What is expected
Go to the line holding "GentleSoft® Bubble Sherpa Fleece Blanket" in the entries below and write out exactly every line down to and including the line holding "Roberto Cavalli Jaguar Skin-print sweatshirt".

Short text fragments from websites

+---+

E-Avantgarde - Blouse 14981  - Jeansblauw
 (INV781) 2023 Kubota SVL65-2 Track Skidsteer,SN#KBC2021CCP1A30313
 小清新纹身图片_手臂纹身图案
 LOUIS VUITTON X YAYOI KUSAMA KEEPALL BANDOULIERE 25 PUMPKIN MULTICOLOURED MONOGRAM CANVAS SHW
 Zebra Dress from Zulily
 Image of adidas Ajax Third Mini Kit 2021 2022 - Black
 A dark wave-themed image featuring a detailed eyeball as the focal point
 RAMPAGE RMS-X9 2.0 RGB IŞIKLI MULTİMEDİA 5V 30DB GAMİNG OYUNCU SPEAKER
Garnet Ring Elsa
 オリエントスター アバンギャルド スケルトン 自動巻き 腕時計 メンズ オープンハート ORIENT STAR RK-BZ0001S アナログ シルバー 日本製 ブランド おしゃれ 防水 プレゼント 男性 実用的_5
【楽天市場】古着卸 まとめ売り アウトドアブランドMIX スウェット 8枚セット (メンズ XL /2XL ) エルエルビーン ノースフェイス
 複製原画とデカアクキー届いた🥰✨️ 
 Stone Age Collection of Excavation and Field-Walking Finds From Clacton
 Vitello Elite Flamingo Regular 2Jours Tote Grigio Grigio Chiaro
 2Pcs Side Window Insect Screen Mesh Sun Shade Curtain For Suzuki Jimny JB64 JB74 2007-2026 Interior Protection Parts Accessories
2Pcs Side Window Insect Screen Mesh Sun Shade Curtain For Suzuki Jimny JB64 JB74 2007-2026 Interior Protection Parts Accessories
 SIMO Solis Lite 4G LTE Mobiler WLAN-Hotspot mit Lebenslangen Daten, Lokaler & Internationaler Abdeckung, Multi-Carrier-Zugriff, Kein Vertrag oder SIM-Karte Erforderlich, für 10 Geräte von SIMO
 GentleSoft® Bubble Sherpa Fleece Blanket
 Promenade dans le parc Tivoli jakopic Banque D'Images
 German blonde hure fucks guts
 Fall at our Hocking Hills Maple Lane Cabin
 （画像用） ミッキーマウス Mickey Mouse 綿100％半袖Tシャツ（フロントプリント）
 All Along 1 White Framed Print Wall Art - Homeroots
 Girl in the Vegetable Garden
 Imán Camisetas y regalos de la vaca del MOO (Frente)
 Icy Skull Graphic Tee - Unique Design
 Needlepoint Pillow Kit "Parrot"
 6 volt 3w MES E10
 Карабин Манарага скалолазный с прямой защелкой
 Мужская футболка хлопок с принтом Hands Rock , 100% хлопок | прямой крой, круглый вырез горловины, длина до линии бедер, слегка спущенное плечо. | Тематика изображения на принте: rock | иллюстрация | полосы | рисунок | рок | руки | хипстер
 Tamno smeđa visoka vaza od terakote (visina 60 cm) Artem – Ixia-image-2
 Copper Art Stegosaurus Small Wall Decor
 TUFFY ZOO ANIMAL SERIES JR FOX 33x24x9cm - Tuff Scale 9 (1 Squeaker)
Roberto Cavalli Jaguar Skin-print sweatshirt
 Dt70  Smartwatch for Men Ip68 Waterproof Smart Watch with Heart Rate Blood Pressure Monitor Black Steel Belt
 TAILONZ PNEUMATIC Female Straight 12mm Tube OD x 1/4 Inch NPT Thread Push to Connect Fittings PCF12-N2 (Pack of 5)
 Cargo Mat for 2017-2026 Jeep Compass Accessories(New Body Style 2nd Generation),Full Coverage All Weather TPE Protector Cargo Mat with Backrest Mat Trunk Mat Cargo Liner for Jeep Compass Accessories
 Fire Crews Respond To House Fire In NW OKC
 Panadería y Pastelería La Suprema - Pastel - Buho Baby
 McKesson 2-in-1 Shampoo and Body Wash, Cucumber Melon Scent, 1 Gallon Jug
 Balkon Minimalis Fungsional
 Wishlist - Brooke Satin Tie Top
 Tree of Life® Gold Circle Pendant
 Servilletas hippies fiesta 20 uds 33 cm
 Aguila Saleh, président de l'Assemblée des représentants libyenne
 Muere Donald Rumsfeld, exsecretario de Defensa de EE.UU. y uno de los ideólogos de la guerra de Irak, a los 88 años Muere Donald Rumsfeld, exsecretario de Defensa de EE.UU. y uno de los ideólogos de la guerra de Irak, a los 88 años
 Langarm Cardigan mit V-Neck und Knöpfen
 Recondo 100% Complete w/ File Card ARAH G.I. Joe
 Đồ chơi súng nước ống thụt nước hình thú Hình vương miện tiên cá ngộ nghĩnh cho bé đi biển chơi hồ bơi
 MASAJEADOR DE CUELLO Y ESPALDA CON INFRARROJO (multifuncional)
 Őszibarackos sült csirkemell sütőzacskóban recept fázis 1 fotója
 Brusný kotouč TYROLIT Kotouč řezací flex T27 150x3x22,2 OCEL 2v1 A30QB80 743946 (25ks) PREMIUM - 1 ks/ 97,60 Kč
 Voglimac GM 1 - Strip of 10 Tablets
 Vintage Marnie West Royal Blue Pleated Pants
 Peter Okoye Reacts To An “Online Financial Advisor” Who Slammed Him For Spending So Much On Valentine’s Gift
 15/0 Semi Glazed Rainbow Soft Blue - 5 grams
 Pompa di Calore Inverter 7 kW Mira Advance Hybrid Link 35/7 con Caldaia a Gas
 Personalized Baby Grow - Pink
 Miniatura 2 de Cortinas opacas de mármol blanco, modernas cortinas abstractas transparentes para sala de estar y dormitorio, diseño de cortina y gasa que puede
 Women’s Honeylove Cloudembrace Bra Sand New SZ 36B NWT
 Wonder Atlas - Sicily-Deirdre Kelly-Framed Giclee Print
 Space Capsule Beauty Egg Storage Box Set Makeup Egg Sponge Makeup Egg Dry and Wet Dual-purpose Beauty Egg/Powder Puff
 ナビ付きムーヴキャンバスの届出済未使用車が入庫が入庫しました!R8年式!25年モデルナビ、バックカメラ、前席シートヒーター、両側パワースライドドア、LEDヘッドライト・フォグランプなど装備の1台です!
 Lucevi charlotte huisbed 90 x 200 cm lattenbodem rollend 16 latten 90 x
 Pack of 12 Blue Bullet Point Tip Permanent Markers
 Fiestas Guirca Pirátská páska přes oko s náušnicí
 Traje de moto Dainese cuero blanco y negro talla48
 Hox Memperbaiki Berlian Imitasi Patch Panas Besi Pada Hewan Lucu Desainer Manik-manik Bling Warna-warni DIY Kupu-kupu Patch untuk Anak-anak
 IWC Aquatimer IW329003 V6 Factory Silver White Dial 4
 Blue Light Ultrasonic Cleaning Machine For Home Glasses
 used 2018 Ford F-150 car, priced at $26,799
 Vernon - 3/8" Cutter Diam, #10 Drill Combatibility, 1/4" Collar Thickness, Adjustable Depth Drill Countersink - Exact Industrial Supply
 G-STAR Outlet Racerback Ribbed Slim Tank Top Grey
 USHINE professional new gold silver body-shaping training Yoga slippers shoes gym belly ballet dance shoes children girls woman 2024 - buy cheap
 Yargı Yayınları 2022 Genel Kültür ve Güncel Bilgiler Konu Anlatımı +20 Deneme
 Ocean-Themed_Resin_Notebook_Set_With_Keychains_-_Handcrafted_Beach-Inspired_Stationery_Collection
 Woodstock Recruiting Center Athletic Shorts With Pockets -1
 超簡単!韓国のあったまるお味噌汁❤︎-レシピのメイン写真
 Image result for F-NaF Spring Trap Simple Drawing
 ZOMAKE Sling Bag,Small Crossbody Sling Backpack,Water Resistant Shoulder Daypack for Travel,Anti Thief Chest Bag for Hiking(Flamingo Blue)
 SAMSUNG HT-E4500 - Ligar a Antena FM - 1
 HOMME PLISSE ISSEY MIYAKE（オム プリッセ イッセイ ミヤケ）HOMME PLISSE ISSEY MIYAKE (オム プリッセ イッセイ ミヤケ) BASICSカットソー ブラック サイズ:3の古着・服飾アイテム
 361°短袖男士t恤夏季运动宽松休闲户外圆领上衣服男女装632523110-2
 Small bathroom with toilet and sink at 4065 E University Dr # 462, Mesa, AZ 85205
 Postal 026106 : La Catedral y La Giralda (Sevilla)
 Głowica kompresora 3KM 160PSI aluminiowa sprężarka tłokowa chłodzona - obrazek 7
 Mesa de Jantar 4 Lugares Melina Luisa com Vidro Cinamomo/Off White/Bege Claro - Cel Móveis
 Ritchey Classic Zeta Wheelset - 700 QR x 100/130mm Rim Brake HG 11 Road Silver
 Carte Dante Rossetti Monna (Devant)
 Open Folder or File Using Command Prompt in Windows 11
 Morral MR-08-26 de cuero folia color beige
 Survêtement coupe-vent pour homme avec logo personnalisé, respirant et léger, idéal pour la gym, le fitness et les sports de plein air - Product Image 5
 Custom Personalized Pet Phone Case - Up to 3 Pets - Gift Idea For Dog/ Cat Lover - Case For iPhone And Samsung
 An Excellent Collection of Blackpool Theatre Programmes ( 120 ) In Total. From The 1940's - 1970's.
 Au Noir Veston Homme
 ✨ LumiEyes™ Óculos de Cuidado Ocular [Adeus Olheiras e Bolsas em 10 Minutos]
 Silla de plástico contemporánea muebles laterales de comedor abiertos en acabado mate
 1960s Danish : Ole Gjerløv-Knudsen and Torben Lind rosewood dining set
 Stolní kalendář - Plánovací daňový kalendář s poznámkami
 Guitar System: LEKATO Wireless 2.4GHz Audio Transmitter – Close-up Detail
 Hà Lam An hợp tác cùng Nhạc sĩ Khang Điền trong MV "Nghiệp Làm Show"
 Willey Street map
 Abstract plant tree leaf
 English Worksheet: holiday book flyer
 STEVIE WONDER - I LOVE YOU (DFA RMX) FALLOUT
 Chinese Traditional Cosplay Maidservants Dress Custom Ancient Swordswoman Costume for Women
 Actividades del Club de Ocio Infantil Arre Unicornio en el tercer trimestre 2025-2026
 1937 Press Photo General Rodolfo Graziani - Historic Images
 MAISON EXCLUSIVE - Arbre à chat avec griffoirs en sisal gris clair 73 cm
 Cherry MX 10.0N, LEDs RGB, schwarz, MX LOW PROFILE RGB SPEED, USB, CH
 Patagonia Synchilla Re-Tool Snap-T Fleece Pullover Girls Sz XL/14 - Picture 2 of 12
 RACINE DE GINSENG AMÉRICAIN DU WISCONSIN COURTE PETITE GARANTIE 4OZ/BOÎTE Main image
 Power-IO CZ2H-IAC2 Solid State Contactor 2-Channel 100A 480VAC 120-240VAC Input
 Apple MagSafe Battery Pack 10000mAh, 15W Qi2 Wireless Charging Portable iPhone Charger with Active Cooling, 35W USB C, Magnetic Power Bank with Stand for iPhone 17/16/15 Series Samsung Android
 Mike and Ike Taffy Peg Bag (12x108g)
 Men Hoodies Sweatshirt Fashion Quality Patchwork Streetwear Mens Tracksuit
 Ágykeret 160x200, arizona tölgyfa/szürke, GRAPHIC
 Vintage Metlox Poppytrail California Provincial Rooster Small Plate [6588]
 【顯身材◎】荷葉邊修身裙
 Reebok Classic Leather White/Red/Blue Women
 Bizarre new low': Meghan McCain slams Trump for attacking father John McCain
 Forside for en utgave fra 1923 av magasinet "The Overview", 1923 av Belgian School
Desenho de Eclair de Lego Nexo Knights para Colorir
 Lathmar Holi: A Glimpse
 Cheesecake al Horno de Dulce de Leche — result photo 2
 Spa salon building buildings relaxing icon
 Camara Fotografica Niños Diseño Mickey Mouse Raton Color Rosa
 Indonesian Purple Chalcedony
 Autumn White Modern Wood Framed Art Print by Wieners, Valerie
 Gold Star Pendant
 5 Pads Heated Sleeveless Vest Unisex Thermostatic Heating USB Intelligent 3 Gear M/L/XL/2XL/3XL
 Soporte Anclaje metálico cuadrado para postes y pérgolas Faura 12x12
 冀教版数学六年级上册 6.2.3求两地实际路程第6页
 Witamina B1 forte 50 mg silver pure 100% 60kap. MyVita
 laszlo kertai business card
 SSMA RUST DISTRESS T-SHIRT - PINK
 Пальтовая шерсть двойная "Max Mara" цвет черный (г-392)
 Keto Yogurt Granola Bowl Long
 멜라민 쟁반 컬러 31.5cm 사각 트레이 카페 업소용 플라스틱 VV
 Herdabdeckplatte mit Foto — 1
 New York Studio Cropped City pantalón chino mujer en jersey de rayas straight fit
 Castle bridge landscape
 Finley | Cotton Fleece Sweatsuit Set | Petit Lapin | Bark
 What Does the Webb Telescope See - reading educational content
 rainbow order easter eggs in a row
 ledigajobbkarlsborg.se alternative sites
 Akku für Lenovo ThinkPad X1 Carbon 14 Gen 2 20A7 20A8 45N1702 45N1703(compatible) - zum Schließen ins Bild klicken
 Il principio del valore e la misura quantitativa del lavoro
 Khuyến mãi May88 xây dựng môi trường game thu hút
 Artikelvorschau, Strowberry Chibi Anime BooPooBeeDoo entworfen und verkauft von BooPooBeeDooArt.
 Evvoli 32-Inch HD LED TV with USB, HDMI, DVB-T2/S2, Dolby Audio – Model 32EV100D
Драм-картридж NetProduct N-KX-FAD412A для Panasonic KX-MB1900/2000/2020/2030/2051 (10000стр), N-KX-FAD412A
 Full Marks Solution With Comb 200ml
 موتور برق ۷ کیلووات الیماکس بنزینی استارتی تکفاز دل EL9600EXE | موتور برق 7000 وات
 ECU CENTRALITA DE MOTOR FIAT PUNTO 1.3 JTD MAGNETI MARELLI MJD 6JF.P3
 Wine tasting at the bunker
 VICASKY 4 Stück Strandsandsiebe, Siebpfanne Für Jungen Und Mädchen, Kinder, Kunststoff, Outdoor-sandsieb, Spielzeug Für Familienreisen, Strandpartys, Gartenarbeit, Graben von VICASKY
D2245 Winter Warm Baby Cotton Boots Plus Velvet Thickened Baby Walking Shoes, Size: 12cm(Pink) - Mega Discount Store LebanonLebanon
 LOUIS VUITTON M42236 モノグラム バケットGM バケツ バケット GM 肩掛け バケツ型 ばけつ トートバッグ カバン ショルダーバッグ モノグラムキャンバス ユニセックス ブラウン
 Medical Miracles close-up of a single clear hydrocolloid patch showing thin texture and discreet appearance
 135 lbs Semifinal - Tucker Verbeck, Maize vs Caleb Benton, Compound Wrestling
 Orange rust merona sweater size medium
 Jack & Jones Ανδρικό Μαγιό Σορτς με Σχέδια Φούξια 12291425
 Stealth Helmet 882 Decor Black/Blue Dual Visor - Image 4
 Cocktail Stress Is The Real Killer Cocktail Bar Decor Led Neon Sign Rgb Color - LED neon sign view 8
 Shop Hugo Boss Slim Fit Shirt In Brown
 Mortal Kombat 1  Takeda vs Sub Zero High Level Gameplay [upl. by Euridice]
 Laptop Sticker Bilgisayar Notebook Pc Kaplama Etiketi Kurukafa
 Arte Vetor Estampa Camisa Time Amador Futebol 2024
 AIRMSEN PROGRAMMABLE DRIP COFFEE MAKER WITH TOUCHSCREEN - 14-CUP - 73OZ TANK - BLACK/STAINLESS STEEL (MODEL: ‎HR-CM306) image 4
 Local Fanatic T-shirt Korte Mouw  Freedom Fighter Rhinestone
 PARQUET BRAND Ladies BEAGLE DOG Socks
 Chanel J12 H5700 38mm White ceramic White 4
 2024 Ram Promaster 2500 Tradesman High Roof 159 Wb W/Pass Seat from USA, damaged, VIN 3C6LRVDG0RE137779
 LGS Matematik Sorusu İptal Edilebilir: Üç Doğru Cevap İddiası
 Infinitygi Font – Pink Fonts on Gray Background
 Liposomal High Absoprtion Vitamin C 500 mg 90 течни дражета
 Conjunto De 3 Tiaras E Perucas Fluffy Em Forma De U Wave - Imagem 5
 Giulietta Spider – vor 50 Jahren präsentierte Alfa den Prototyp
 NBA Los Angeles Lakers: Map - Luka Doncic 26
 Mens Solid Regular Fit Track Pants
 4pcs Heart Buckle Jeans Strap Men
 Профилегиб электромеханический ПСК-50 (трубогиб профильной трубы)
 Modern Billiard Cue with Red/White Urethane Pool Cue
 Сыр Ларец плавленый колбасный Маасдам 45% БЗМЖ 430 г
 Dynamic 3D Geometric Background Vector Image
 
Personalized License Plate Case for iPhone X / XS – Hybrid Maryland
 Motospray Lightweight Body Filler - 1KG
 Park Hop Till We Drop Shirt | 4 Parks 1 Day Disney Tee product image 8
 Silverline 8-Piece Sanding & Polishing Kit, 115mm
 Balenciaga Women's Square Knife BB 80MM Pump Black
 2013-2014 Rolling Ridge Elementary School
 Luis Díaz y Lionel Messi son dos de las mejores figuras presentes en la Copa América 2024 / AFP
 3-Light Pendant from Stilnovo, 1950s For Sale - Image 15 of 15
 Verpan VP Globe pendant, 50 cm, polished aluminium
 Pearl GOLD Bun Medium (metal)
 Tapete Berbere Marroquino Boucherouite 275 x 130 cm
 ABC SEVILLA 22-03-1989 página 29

+---+

Final answer
 GentleSoft® Bubble Sherpa Fleece Blanket
 Promenade dans le parc Tivoli jakopic Banque D'Images
 German blonde hure fucks guts
 Fall at our Hocking Hills Maple Lane Cabin
 （画像用） ミッキーマウス Mickey Mouse 綿100％半袖Tシャツ（フロントプリント）
 All Along 1 White Framed Print Wall Art - Homeroots
 Girl in the Vegetable Garden
 Imán Camisetas y regalos de la vaca del MOO (Frente)
 Icy Skull Graphic Tee - Unique Design
 Needlepoint Pillow Kit "Parrot"
 6 volt 3w MES E10
 Карабин Манарага скалолазный с прямой защелкой
 Мужская футболка хлопок с принтом Hands Rock , 100% хлопок | прямой крой, круглый вырез горловины, длина до линии бедер, слегка спущенное плечо. | Тематика изображения на принте: rock | иллюстрация | полосы | рисунок | рок | руки | хипстер
 Tamno smeđa visoka vaza od terakote (visina 60 cm) Artem – Ixia-image-2
 Copper Art Stegosaurus Small Wall Decor
 TUFFY ZOO ANIMAL SERIES JR FOX 33x24x9cm - Tuff Scale 9 (1 Squeaker)
Roberto Cavalli Jaguar Skin-print sweatshirt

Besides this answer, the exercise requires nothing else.